[EXCERPTED RECORDS]
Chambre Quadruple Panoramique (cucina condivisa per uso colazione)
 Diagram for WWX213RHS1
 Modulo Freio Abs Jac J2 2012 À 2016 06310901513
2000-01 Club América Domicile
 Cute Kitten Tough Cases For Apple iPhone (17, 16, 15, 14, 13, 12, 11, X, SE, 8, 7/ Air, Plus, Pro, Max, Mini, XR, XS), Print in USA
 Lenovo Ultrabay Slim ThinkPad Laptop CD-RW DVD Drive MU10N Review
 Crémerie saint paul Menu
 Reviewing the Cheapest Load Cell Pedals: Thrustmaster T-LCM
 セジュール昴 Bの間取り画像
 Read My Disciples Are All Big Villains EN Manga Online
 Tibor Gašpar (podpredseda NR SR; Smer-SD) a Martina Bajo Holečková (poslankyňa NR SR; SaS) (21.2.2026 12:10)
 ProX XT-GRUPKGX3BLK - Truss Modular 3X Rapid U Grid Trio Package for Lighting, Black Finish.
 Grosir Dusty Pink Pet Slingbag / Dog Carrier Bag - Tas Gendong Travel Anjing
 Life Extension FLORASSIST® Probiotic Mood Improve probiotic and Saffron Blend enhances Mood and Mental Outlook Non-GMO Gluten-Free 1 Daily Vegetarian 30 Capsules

[TASK GOAL]
Starting with the line that contains "Read My Disciples", return every line through the last one of the records, exactly as written.

[REPLY]
 Read My Disciples Are All Big Villains EN Manga Online
 Tibor Gašpar (podpredseda NR SR; Smer-SD) a Martina Bajo Holečková (poslankyňa NR SR; SaS) (21.2.2026 12:10)
 ProX XT-GRUPKGX3BLK - Truss Modular 3X Rapid U Grid Trio Package for Lighting, Black Finish.
 Grosir Dusty Pink Pet Slingbag / Dog Carrier Bag - Tas Gendong Travel Anjing
 Life Extension FLORASSIST® Probiotic Mood Improve probiotic and Saffron Blend enhances Mood and Mental Outlook Non-GMO Gluten-Free 1 Daily Vegetarian 30 Capsules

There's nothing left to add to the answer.